I went and pulled the fuse at F3, tested it, good. Went back to insert it and it seemed like it wasn't sitting flush in there. I tweaked the fuse holder a bit and re-inserted it. Tested for continuity between the 2 points outside the fuse and it was there. Wish I would have tested before I pulled the fuse, just for the information.

Anyway, that did the trick. I now have +12.23 at the 10.8. Is this going to work?
too high?
 
My experience.......the 10VDC line on these Atari games always reads approximately 12-14VDC. Yours looks fine to me. That juice will actually get regulated proper on the Audio/Regulator board.

Edward
 
Well the the 10.3 is unregulated. 12.3 does seem a little high. Did you measure it plugged in or not plugged in ?

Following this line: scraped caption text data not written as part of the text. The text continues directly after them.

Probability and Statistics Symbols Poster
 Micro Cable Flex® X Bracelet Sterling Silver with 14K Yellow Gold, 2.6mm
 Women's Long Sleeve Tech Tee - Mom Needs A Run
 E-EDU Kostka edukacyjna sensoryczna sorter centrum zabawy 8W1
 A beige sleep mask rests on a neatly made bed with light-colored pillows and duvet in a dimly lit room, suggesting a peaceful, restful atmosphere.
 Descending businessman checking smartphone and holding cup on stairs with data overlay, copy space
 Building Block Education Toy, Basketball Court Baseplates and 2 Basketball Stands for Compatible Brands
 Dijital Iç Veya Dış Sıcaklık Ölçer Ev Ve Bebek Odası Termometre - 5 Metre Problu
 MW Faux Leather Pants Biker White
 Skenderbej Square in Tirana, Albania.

My experience.......the 10VDC line on these Atari games always reads approximately 12-14VDC. Yours looks fine to me. That juice will actually get regulated proper on the Audio/Regulator board.

Edward
well the 12.23 is at the test point of the 10.8 on the a/r board.
 
well the 12.23 is at the test point of the 10.8 on the a/r board.

But if that is the test point for the input from the transformer brick, it is in the OK range. It took me a while to understand that unregulated is exactly that: UNREGULATED! So the values are not precise and don't really matter, as long as they are within an acceptable range. ELutz said this falls in the range he is used to seeing.

Measure A/C on that 10.8 test point (to ground) and post that value. If it is an OK value, you can move on to testing the output voltages from the AR2.
 
so I am ok to have my board going and test my monitor out tonight then it sounds like. I may toss that high score brase kit in there as well adn see what happens.
 
ok well I hooked up the monitor to give it a go, and R29 bunrt to a crisp instantly. caught on fire even.

took out the arII put a new resistor in R29 position, fired her back up (without the monitor connectored) and it was fine, didn't burn up.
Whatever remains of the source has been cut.